4. Cohesion: Our most important point is raised if we go back to this idea of cohesion between the different websites like QGIS.org, plugins.qgis.org and so on. As well as having the same styling, we also don’t want to switch between languages as you hop between the sites. We aim to present them all as one site. If we translate QGIS.org and then take you to our auxiliary sites, e.g., plugins.qgis.org, the feed, or certification pages, which are in English only, the experience is jarring.
So we must either translate everything into all of the same languages, or work in English. Translating everything is a mammoth task for the translators and for us to retrospectively add translation support to each platform. Thus, we prefer the approach of harmonising everything to one language and then focusing our translation efforts on three areas:
The application itself,
the user manual and
the training manuals.
We can leave the rest of the experience in English and instead focus on harmonising, for now, both in terms of look and feel and the technology used.

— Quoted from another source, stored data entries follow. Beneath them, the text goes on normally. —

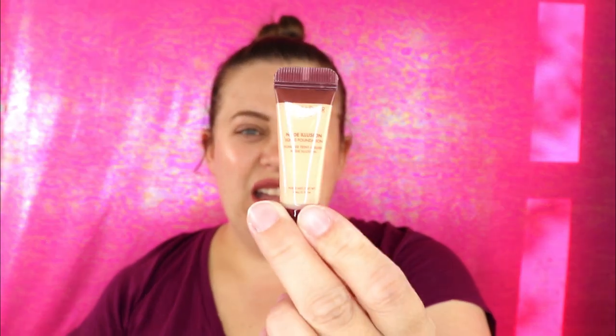The last item in the regular bag is from Wonder Beauty — the Nude Illusion Liquid Foundation. I actually really enjoy their mascara, so I'm super excited to see if this foundation works for me. It's in the shade Light Medium and I'm always down to test a new foundation.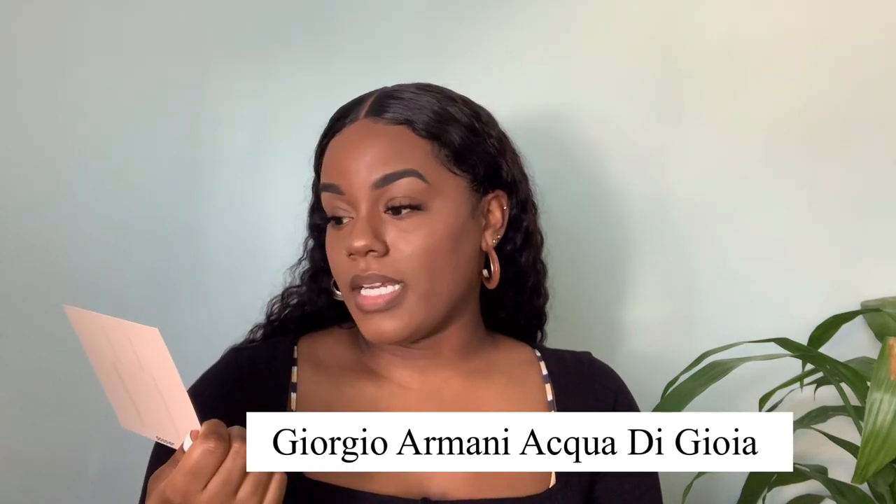You get a little card - this is the card for the Aquatic Peony. It says the top notes - if you know about perfumes you'll understand: top notes are mint, black currant, lemon, and aquatic accord. Middle notes are peony, jasmine, and pink pepper. Base notes are cedarwood and labdanum. This Aquatic Peony is inspired by Giorgio Armani Acqua di Gioia.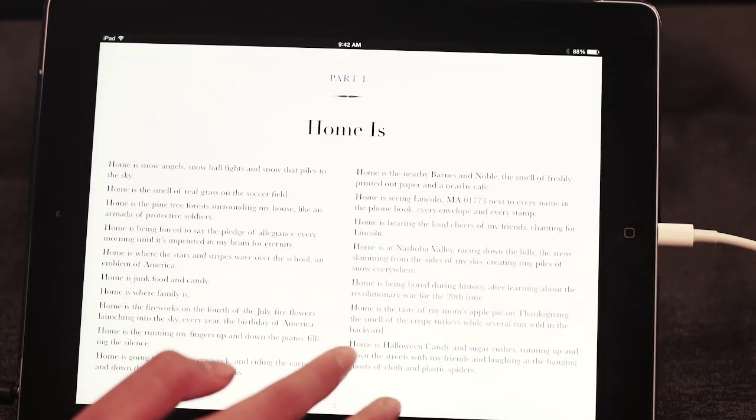The first unit is identity, and I think that's really important because a lot of students here are really international and they're third culture kids.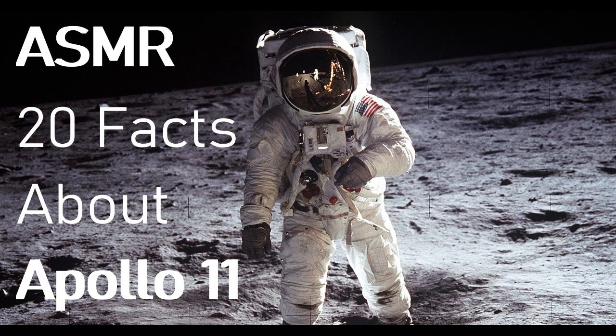Fact number fifteen: a big explosion. If the Saturn V rocket had exploded, it would have created a fireball in excess of 2,500 degrees Fahrenheit. Wow — it's so lucky it didn't explode.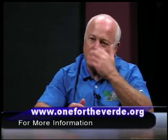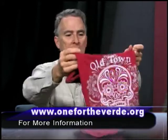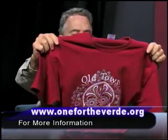Businesses volunteer to do this — they say this is a good thing for our community, I want to participate. When you say a little bit, what are you talking about? Well, it varies from business to business. Here's a good example — I brought this little thing here. I picked it up at River's Edge shop. It's a great little shirt. This shirt sells for $15 at River's Edge in Old Town Cottonwood.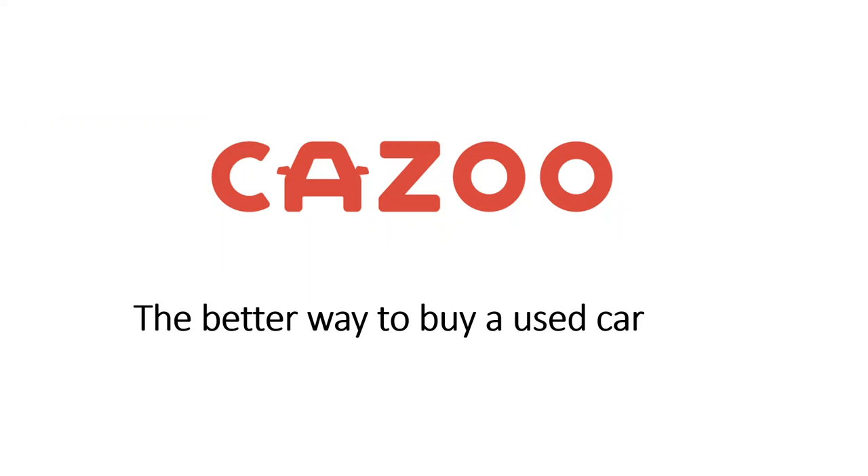Hi everyone, Barz here and here is my review of Kazoo, the better way to buy a used car.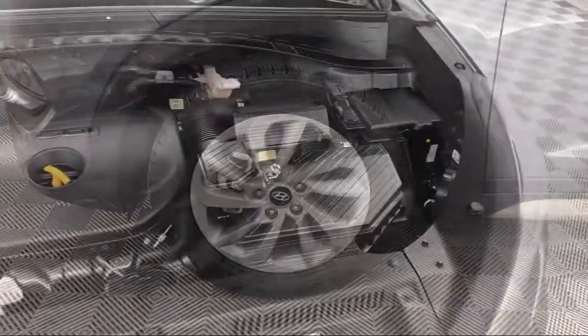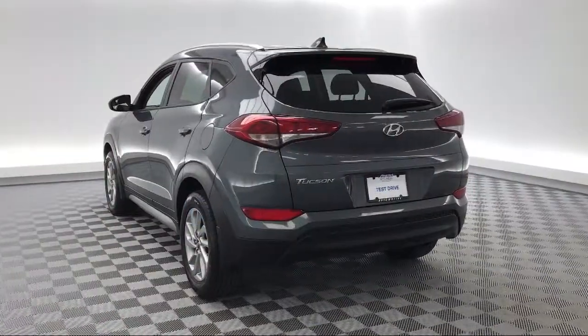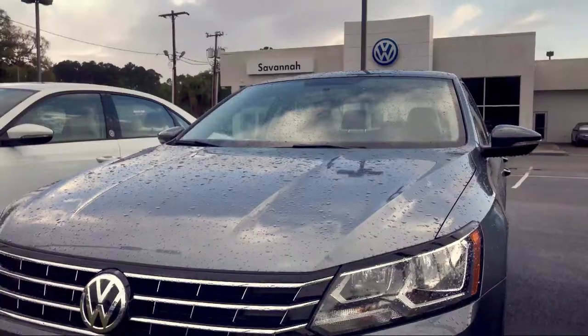Here at Peacock Hyundai of Savannah, we put our customers at the center of our business model. We do much more than just sell cars. We strive to provide every service our valued customers may need, including competitive financing opportunities and excellent lease deals.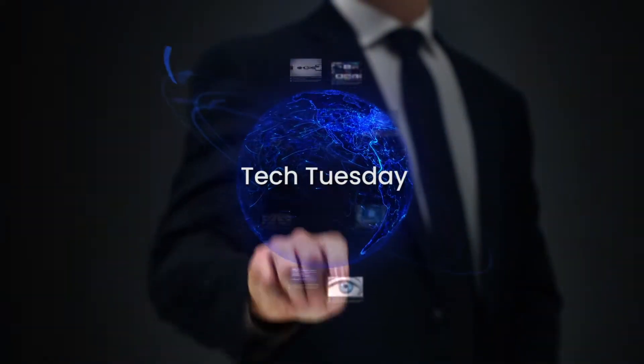Hello and welcome back to another edition of Tech Tuesday. I'm Leslie Causey, Marketing Coordinator with HTC. Today we've got Kelly Moore from the Horry County Government with us. Thank you for being with us, Kelly. Thank you for having me today.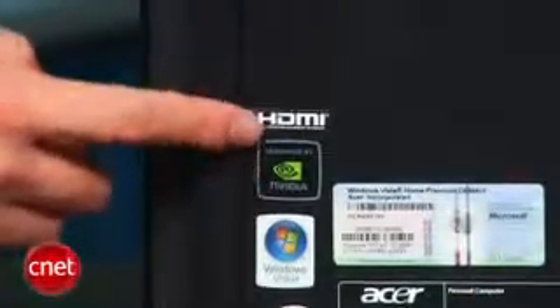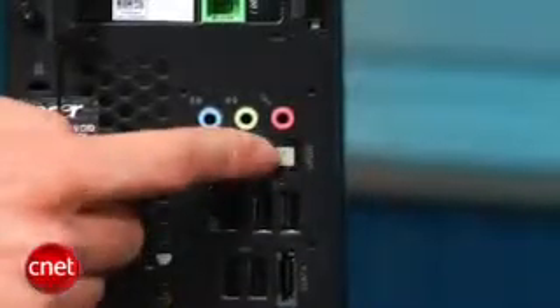It doesn't have a dedicated video card, so do not expect to play graphics-intensive PC games. It does supply you with a few of the ports you need to get your home theater setup started. You get an SPDIF Digital Audio Out port for full 5.1-channel surround sound. There's also a PCI Express slot inside if you want to install a low-profile aftermarket video card.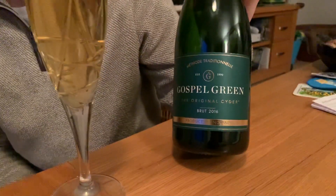Hi everyone, welcome to Fine Cider Friday. It's Valentine's Day and thanks to Crafty Nectar I have got Gospel Green's Brut to share with you today — the original cider with a Y.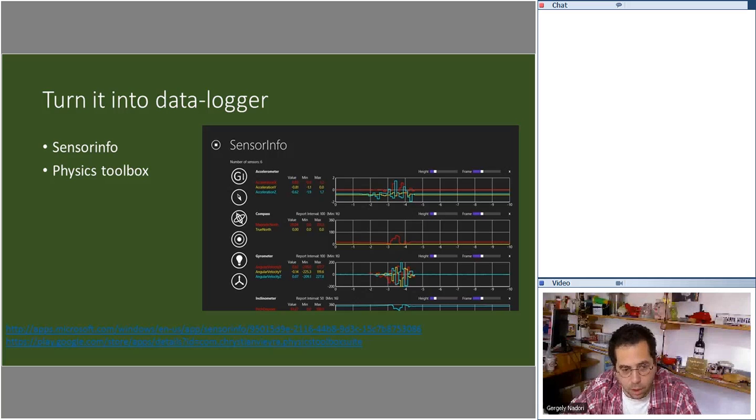One thing you can do is turn your mobile phone into a data logger. Apps like Sensor Info or Physics Toolbox let you extract sensor data from the device — sound level, light level from the camera, accelerometer data. The best of these apps let you export the data to an Excel or CSV file. You can use them for things like studying a pendulum or calculating noise levels in a forest.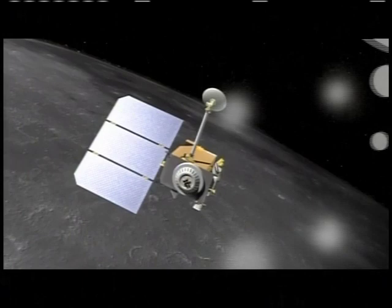Now that we know what to expect from the Lunar Reconnaissance Orbiter, we turn our attention to its sister payload, the Lunar Crater Observation and Sensing Satellite. Its goal is to hunt for evidence of water ice using a hard-hitting method. Dr. Kimberly Enico, LCROSS Payload Specialist, explains.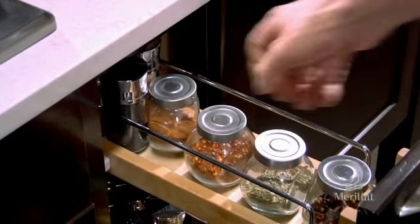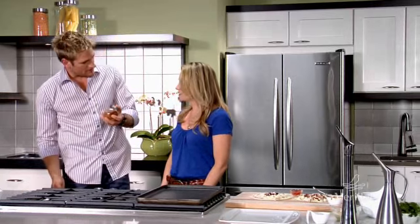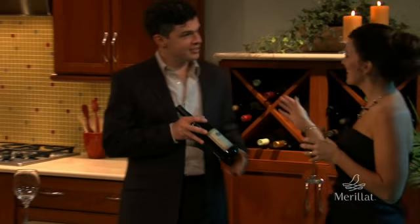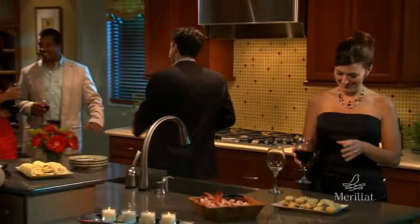The spices are right near the cooktop, so there's everything at your fingertips, which is super important — if you've got all of the stuff at your fingertips, then you can do a good job in the kitchen. You want to be enjoying your kitchen, enjoying cooking, and enjoying it with your friends and family. What the Merillat kitchen achieves is it makes that whole cooking experience really effortless.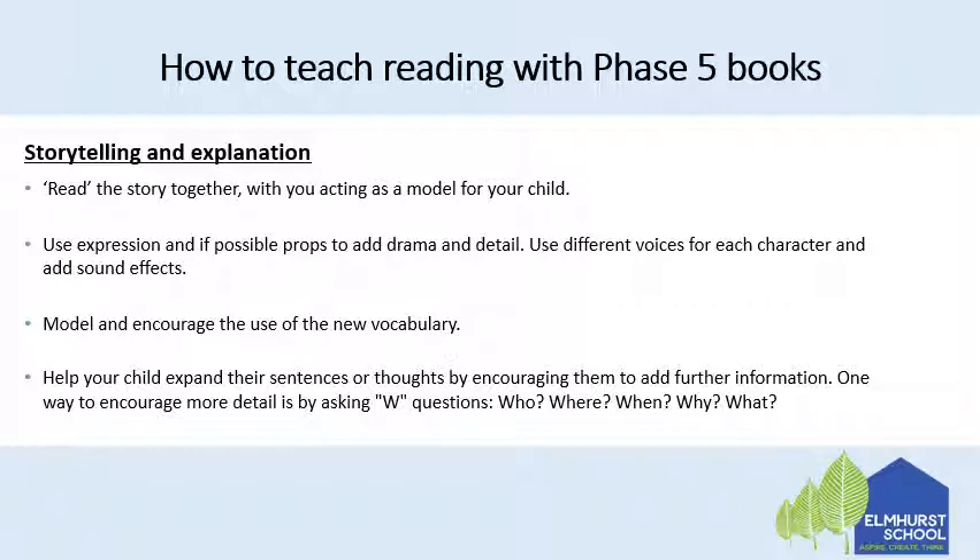You can model and encourage the use of new vocabulary and make sure that you check that your child understands the meaning of these — if they don't, you need to explain it with context. Help your child to expand their sentences or thoughts by encouraging them to add further information. You can do this by asking W questions: who, where, when, why and what. The most important of which is 'why' because it really develops those explanation and reasoning skills.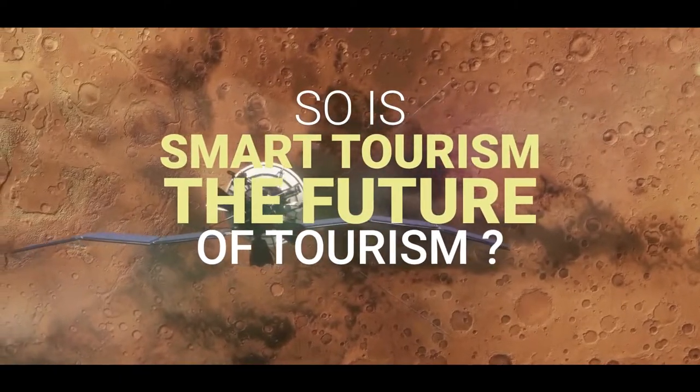So is smart tourism the future of tourism? Yes, I definitely would say so, and it's exciting. There's a lot to be excited about, and we really can make the industry so much better if we use these technologies in a positive way. I think you are set to see lots more smart tourism on your travels. What have you seen? Have you seen robots in hotels? Have you been served by robots? Let me know in the comments.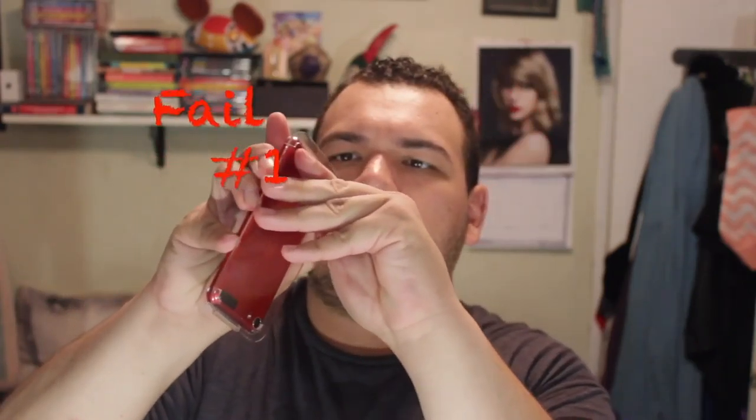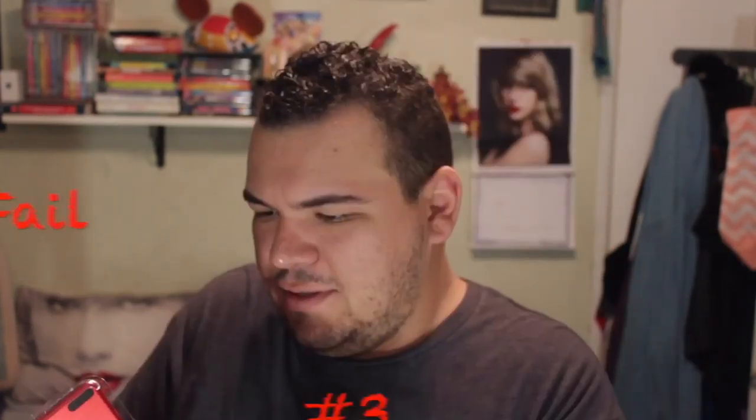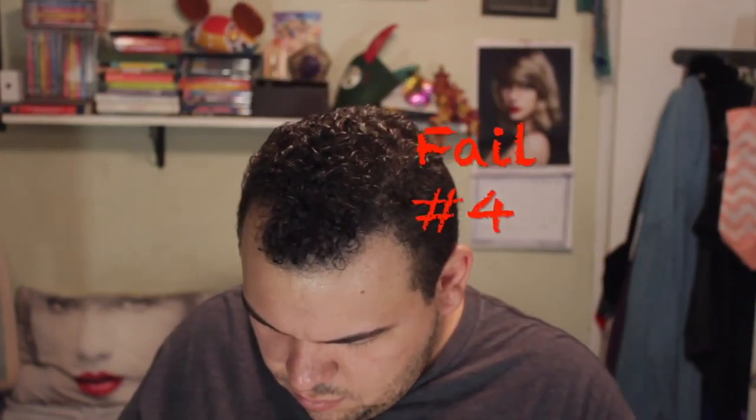I don't know how to take it out. This is so hard. Oh, I see — I have to take off the plastic. I don't know how to take off the plastic for it to come out.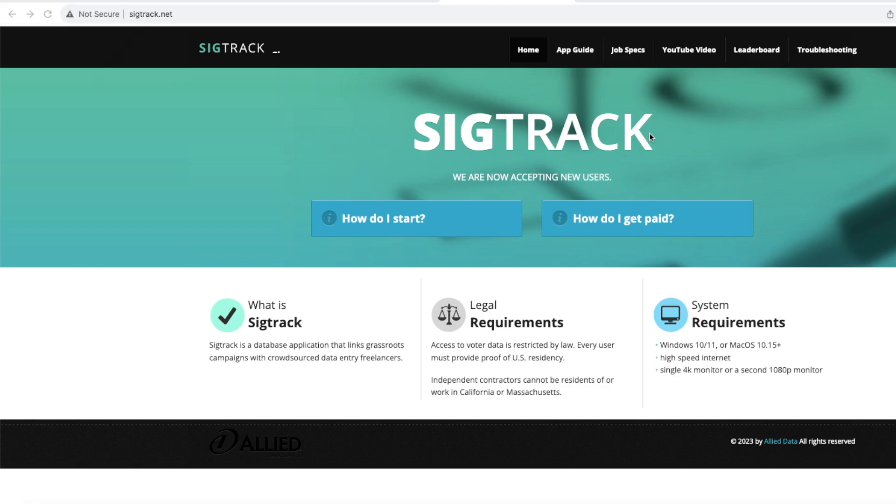Because this is a side job, they are not providing any computer equipment. You do have to have your own computer and high speed internet access. This is for people who live in the United States only, except they're not accepting people in California or Massachusetts at this time, but all other states are accepted.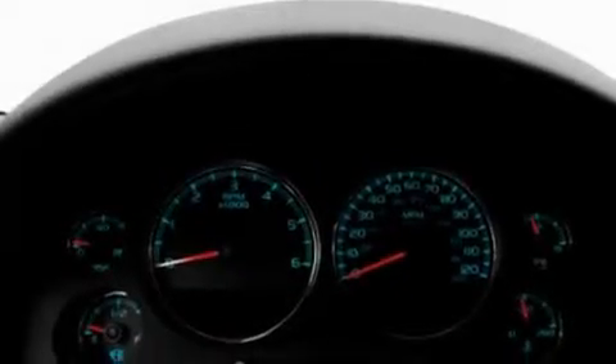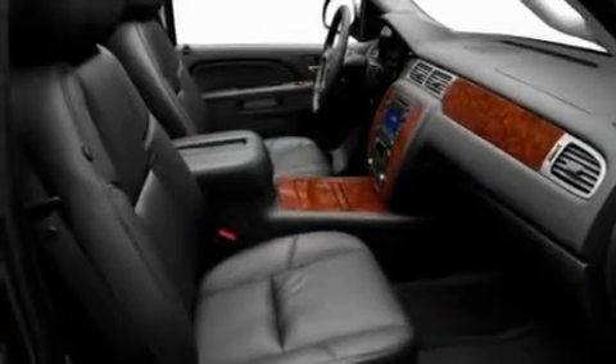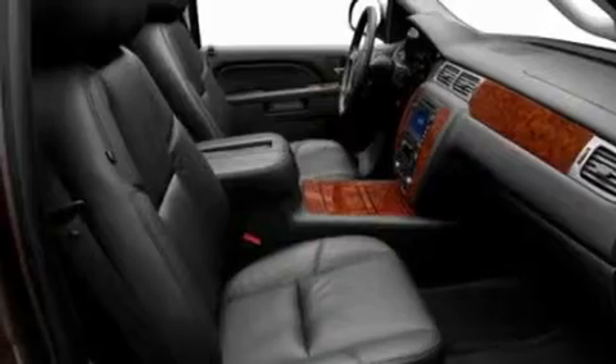Top features include the adjustable driver pedals, which allow you to tailor the position of the foot pedals, moving them closer and higher to perfect your control over the vehicle.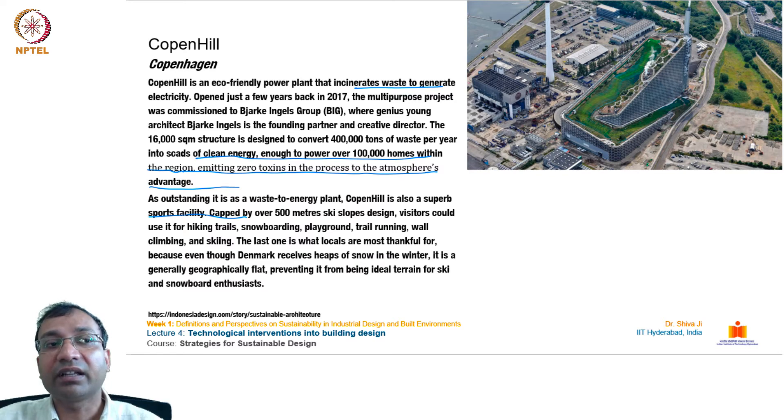As outstanding as it is as a waste-to-energy plant, Copenhagen's CopenHill is also a superb sports facility. Capped by over a 500-meter ski slope design, visitors can use it for hiking trails, snowboarding, playground, trail running, wall climbing, and skiing. Denmark is generally geographically flat, so this is especially valued by ski and snowboard enthusiasts.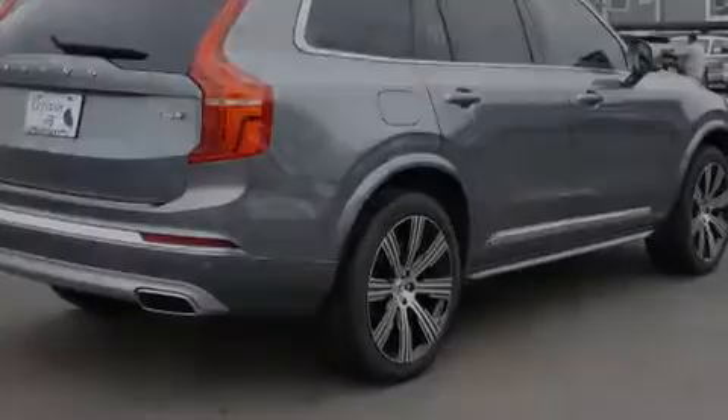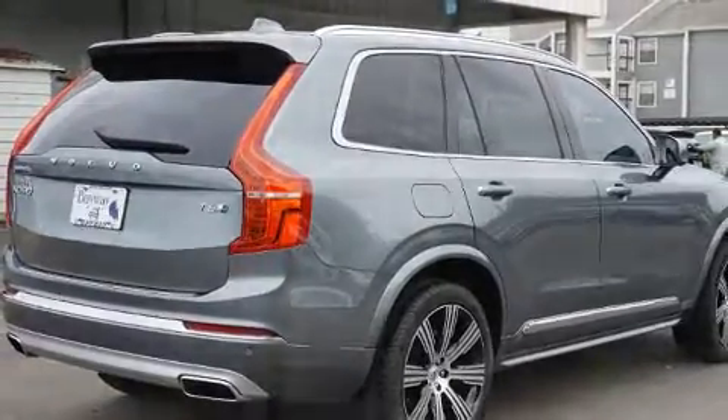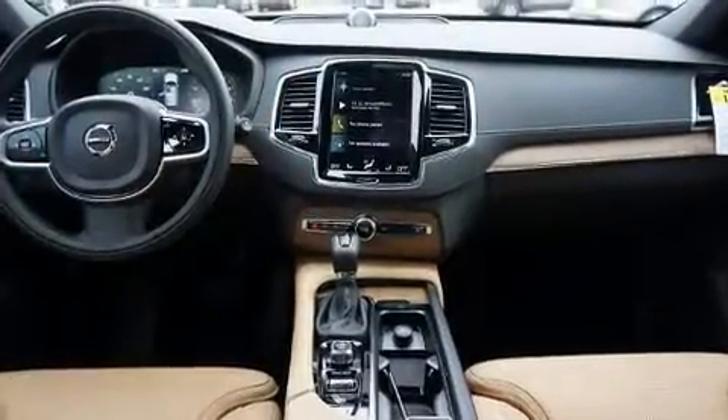Outstanding design defines the 2020 Volvo XC90. The engine breathes better thanks to a turbocharger, improving both performance and economy.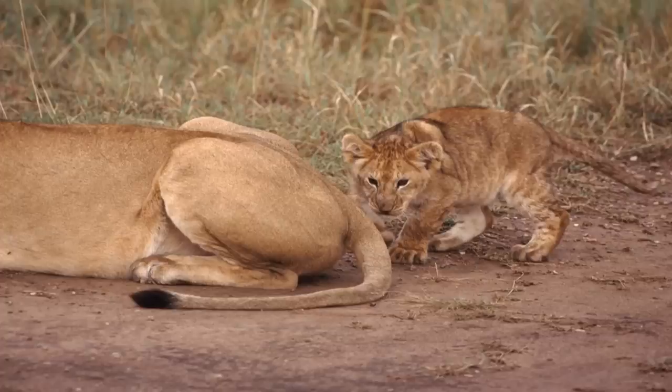Look at an animal, and odds are you'll see a tail. But why do animals have tails? Tails are actually pretty complicated, and their purposes are diverse, varying from animal to animal.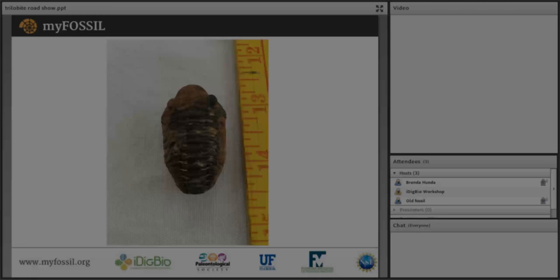The defining characteristics that might allow identification to genus and species level are obscured. There was a large bulletin from the American Museum of Natural History on trilobites of Bolivia that Niles Eldredge published — Brenda recalls it from her reprint collection and can look it up before the webinar.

When we consider everything as one big website and what the bigger plan is, it is hopefully clearer why we didn’t think translating the landing page and QGIS.org was the best approach.
Further funded work
We hope to use more QGIS funding to support this work in the future. We’re also hoping to work again with Kontur to start moving all these auxiliary sites into their own projects, applying our style guidelines to each. Independently of that, Tim (volunteer), Lova (QGIS funded), and others are already getting started with this process.
Helping out
Do you have strong opinions about the website? Contact Tim on the PSC mailing list if you would like to get involved as a volunteer. We would love to hear from designers, word smiths, marketers, information architects, SEO specialists, web developers and those who think they can help us achieve our goals.
Conclusion
We hope our goals and process make sense for everybody and that we were able to lay out a clear, logical argument about why we don’t want to translate the new website quite yet. We want to focus on these overarching goals and then return to them later if they are still a priority for people. Everything we have built is Open Source and available at this repo, where you can also find an issue tracker to report issues and share ideas relating to the new website.